In Matthew chapter 23 while speaking to the crowds and His disciples, Jesus rips into the scribes and Pharisees for the entirety of the chapter. Jesus announces 7 woes over the leadership of Israel. One of the woes is that the leadership of Israel throughout it's history continually shuts out the kingdom of heaven from the people V.13, "But woe to you, scribes and Pharisees, hypocrites, because you shut off the kingdom of heaven from people; for you do not enter in yourselves, nor do you allow those who are entering to go in," a theme that is parallel to V.37. When Jesus rebukes "Jerusalem," he is rebuking the leaders of Israel. Prophets were sent to the leaders of Israel, and consequently it is the leaders who kill the prophets who were sent to them. This is what the Pharisees were doing by trying to hinder the message of Jesus. They were shutting out the kingdom of heaven from the children they were supposed to be leading. The phrase "your children," is referring to the people under the leadership of Israel, the Pharisees. In this passage it isn't the "children" who are "not willing", it is the leaders. Throughout the ministry of Christ the leaders were doing everything they could to hinder Jesus and His message. The common people flocked to see Jesus and hear His teaching, but the Pharisees tried desperately to obstruct the progress of Christ and His ministry. Therefore Matthew 23:13, and V.37, are judgment passages directed towards the leaders of the people Israel for obstructing Jesus' ministry. They are not passages that teach man's free will to resist the "effectual grace" of God in salvation. In fact, the specific inner work of the Spirit of God which draws men to salvation is not in view here.

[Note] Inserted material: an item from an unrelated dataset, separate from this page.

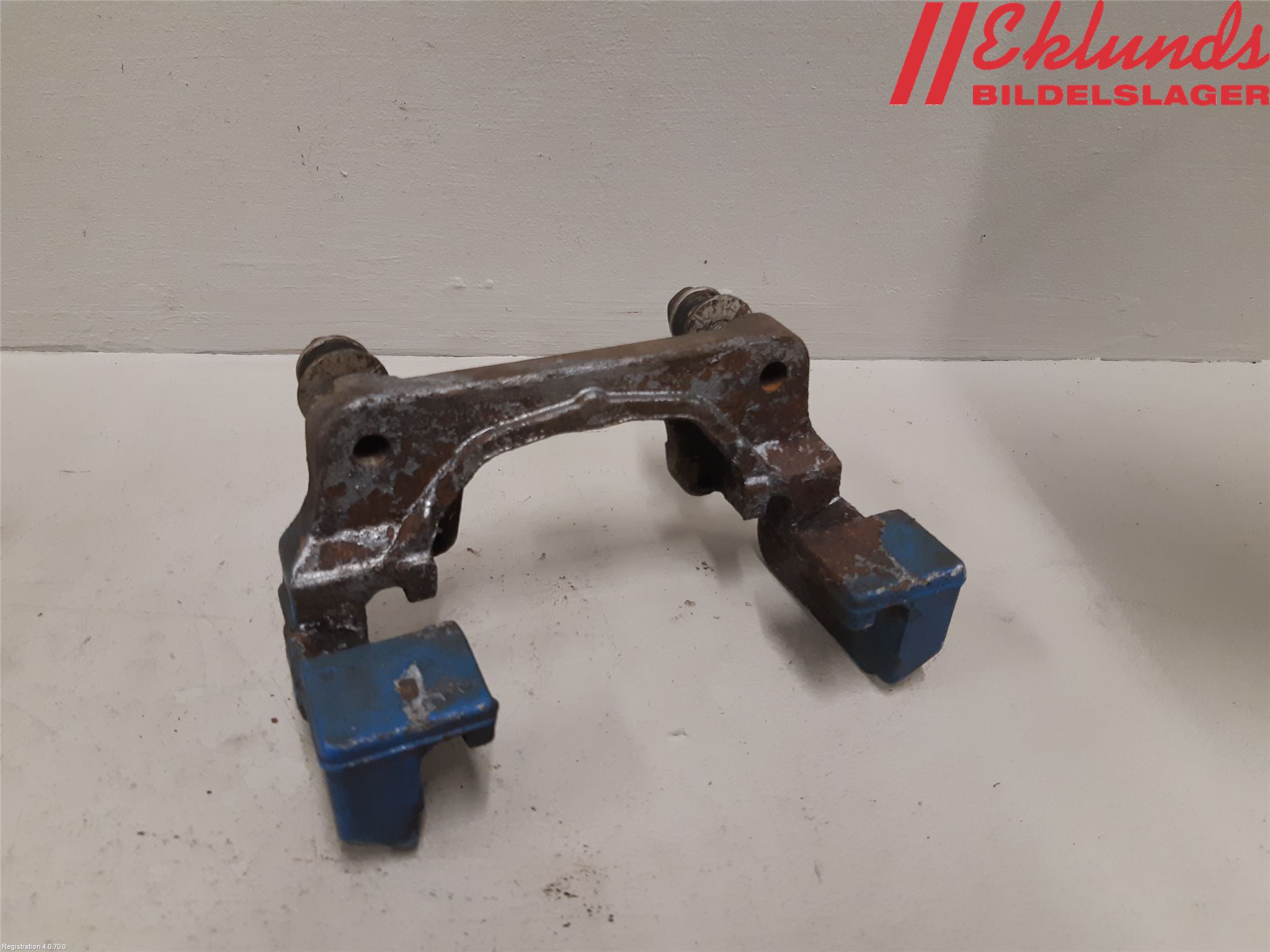BMW 5 F10/F11/F18 09-17 Bromsokshållare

But are we surprised that the Pharisees tried to shut out Jesus and His message? Especially given the 5th woe in Matthew 23:25-26, that they are clean outwardly but their hearts are darkened on the inside? Of course they are unwilling, as sons of Adam they are radically enslaved to a corrupt nature. Listen to the word of our Lord in John 8:43-44, "Why do you not understand what I am saying? It is because you cannot hear My word. You are of your father the devil, and you want to do the desires of your father. He was a murderer from the beginning, and does not stand in the truth because there is no truth in him. Whenever he speaks a lie, he speaks from his own nature, for he is a liar and the father of lies." How can fallen man turn to the truth of God if he can't even hear it? As children of the devil, fallen sinners are free to do what is natural to them, lie and reject God. John 8:32, "and you will know the truth, and the truth will set you free." John 8: 34, "... everyone who commits sin is the slave of sin." If we are all free to accept and reject God at our leisure then what are we being set free from here? As slaves to sin, sinners cannot choose anything outside of their nature. Jesus has to set sinners free so they can hear his word. John 8:36, " So if the Son makes you free, you will be free indeed." Jesus is telling the people that they cannot hear Him because they are not free. They are children of the devil and enslaved to sin.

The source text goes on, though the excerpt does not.